I began with what I initially called the “Slow Qin" project in summer 2007. I conceptualized and built a electric plexiglas GuChin with a micro controller and various of sensors and regulation knobs inside and on the top it’s transparent body. I was able to use this instrument as an interface to control the A/V software in my computer while I playing „normal“ tunes. “Slow Qin" alludes to the Chinese traditional 7 strings wooden sitar (GuQin), it resembles it’s ancestor exactly in musical scale and tuning, later I took one step back to practice on the original instrument in 2009 which brought me back deeply into the study of the history, culture and philosohpy of GuQin.

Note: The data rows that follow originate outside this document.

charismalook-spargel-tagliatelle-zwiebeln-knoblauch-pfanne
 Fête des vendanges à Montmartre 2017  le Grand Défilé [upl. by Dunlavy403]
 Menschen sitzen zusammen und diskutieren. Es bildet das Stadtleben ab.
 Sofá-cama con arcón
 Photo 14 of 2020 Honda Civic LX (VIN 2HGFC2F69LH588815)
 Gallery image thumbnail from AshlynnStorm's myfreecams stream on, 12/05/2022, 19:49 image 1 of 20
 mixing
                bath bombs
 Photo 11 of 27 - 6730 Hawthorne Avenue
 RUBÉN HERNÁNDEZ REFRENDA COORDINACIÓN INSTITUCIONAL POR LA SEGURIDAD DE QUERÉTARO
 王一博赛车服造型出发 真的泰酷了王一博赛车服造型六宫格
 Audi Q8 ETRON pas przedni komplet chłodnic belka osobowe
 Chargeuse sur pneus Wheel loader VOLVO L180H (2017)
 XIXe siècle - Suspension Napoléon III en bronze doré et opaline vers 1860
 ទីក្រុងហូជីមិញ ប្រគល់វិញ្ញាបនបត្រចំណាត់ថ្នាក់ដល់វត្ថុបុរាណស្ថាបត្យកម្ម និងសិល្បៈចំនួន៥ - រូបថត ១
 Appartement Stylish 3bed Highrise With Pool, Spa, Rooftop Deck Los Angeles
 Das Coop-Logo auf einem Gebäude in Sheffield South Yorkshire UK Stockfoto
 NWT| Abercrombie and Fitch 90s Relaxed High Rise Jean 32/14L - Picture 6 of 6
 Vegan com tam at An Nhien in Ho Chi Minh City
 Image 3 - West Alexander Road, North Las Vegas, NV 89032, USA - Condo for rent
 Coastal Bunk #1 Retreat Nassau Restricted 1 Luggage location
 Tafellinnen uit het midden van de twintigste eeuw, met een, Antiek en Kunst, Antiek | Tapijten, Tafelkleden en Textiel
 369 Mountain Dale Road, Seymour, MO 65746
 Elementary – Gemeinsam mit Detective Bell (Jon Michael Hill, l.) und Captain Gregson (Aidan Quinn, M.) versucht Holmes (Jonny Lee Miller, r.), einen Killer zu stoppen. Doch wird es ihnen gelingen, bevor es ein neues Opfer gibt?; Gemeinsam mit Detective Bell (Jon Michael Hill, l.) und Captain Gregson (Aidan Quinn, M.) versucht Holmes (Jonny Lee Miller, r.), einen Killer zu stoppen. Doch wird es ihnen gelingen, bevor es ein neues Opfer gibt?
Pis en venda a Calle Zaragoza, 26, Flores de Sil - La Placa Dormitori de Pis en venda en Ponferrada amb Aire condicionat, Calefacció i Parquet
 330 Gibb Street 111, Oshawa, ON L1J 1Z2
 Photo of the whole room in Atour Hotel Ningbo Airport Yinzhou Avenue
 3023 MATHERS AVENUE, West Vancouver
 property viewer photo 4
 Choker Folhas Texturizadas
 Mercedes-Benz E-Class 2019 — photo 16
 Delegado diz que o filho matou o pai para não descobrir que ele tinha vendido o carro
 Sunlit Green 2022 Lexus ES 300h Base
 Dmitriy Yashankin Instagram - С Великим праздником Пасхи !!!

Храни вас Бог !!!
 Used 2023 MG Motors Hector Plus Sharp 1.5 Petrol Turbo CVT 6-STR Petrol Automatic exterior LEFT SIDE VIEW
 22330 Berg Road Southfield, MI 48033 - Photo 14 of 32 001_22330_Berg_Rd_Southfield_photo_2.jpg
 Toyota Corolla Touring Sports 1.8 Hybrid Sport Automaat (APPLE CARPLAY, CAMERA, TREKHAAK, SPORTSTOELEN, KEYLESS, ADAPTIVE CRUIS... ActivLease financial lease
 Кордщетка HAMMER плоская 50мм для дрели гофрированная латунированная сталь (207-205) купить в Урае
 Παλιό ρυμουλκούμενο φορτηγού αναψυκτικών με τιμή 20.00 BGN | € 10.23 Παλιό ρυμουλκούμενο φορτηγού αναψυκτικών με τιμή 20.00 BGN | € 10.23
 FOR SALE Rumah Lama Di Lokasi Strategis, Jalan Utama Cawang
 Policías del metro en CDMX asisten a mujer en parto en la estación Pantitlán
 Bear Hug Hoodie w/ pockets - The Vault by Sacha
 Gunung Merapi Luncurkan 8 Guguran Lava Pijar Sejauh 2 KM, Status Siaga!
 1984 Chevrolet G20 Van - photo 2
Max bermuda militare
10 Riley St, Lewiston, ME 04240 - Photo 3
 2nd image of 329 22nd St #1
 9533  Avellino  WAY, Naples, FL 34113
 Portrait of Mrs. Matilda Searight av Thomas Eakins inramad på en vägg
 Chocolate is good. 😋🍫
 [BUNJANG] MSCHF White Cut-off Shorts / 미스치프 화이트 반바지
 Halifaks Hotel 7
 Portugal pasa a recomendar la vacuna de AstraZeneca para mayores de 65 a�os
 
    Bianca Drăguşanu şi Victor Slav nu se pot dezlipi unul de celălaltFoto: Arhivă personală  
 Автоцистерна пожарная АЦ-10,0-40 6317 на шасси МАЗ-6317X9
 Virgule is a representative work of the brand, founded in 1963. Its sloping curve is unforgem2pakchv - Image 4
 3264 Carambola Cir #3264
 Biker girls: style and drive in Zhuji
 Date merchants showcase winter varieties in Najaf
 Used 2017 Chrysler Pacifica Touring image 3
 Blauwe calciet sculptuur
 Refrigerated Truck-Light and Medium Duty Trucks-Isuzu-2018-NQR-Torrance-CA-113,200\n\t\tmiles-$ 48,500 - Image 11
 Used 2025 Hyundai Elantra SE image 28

The practice of „going back“ itself has a place in ancient Chinese culture: To derive inspiration from studyingancient Qin Players' impressions of the themes of melodies can be related to the ancient idea of taking this inspiration from nature itself.
For example, traditionally, Qin players travelled with their Qin and played outdoors in places of outstanding natural beauty.
I investigate ways to further develop the previous project with new approaches: Resembling Shan Shui _ tuned to site adapted the traditional Quin methodology of onsite performance for the urban context.
For the Chinese intellectuals, Shan Shui (the coexistence of mountain & water) have long been considered the key to unlocking the mysteries of the universe and reconciling the life of the individual and of society. It also refers to the art of landscape painting, extended to include gardening and landscape design. Drawing upon the traditional symbolism of Shanshui painting, these works in fact reflect the insignificance of human scale compared to the vast expanses of nature. Today urban planners are creating a synthetic nature on a much greater scale.
Unlike my ancestors, I traveled with my Slow Qin through the cityscape under the conduct of change and try to bring the strings in tune with the specific sites.